While the company’s pistols have now evolved through 4 generations of pistols, they haven’t kept up with advances in human combat factors engineering, and their feature changes have primarily remained cosmetic. That trend appears to be continuing, as the company is rumored to be considering another skin-deep change, potentially offering the pistols in different colors:

On July 7 an American website, thefirearmblog.com, ran a picture of a “Tiffany blue” Glock under the headline: “Is Glock considering new colours?”

It reported that Glock had sent out a survey a few weeks earlier asking participants if they’d consider purchasing a Glock in different frame colours.

More, Glock asked customers: “If you were to purchase a pistol as a gift for a female family member or friend, which frame colour would you choose?”

Illustrated choices that followed were black, pink, purple, Tiffany blue, flat dark earth, desert sand, OD green, or sniper (that’s more like it) gray.

However, some Austrians aren’t so sure they want their most famous bit of military kit to go Barbie.

Austria’s Der Standard newspaper in particular is not happy with the prospect.
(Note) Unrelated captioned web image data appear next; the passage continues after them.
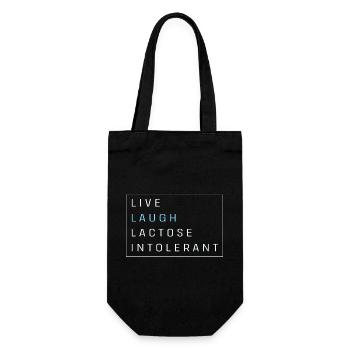 Laktose Intoleranz Blähungen Milch Allergie - Geschenkbeutel für Flaschen - Schwarz - Vorne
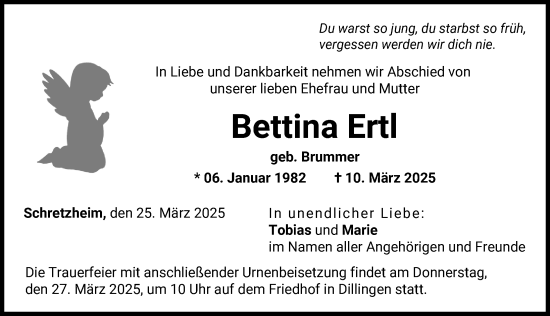 Traueranzeige von Bettina Ertl von Wertinger Zeitung, Donau Zeitung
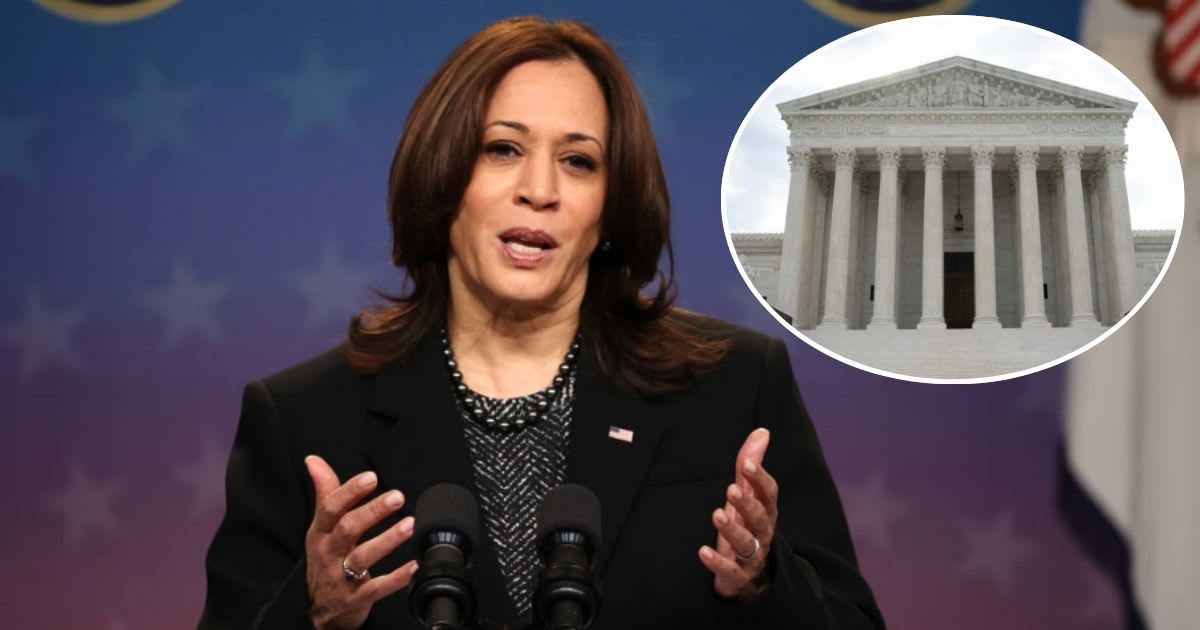 Vice President Kamala Harris warned conservative justices on the Supreme Court that 'fundamental freedoms across the board' are at risk (Getty Images)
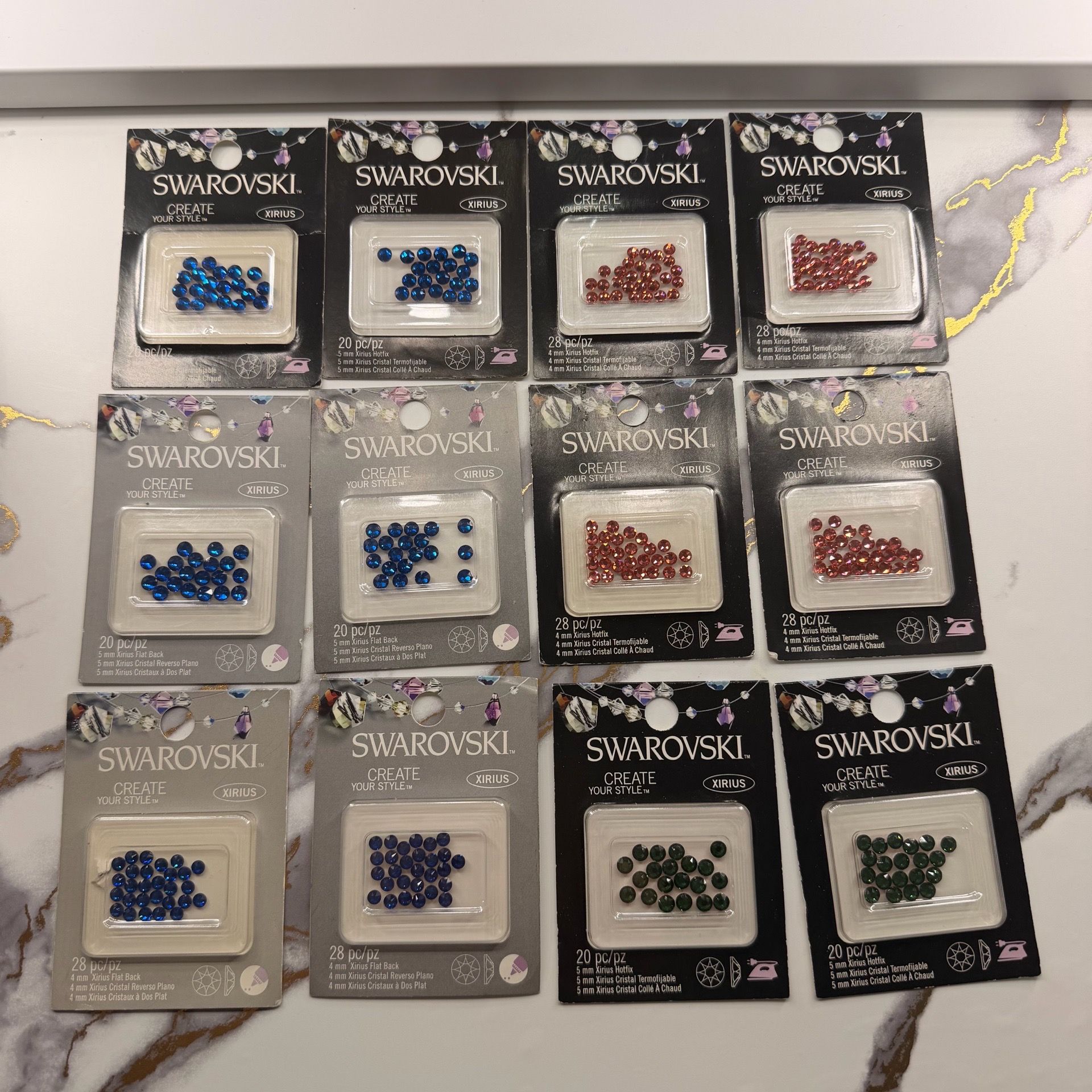 Swarovski Crystals Flat Back Bundle (very sparkly in person)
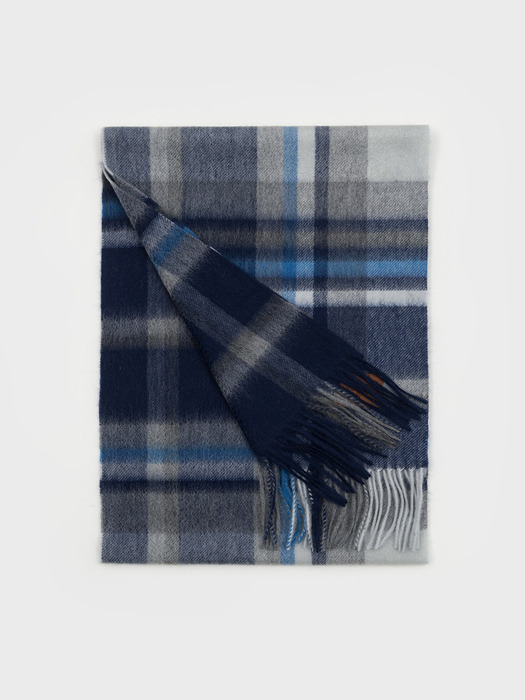 MUNM CHECK CASHMERE 100% MUFFLER BLUE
Next to a photograph of a Glock in a “proper” colour – braun-oliver, an army drab – the paper said that self-defence was a “valid purpose” for a firearm, but now Glock was offering a lifestyle object or fashion statement.
It questioned whether pink and purple pistols could be mistaken for toy guns. “Police officers are trained to make the distinction [between real firearms and toys] even in an emergency.” This would be “undermined by real guns in bright colours.”

Der Standard made an attempt to find out whether the survey was produced by Glock’s Austrian headquarters or by one of their international offices but was unsuccessful when Glock declined to make a statement.

Olive drab, flat dark earth, desert sand and “sniper” gray appear to be targeted towards those buyers interested in matching their Glock pistols to hunting and military kit typically offered in these colors, while the pink, purple, and Tiffany blue colors are thought to be an attempt to cater to the female market.

While there may be a market for firearms in these colors—Glock has offered the olive drab and flat dark earth frames as a factory option in the past—I suspect that the novelty colors won’t create a new market for the pistols, simply based upon the lack of significant market reach for other guns “targeted towards women” by offering no more than a color.

Crafting a firearm in “patronizing pink” may result in a few sales, but it would be far wiser to build a firearm with the grip and controls designed for the hands of the 5th-to-95th percentile of users, which requires reduced strength to cycle the slide, and which is optimized with a low-bore axis to reduce felt recoil (while still using effective self-defense calibers, preferably with the 9mm as the minimum).

Of course, I could be wrong. Do you think something as simple as a color change might be enough to significant boost sales for Glock?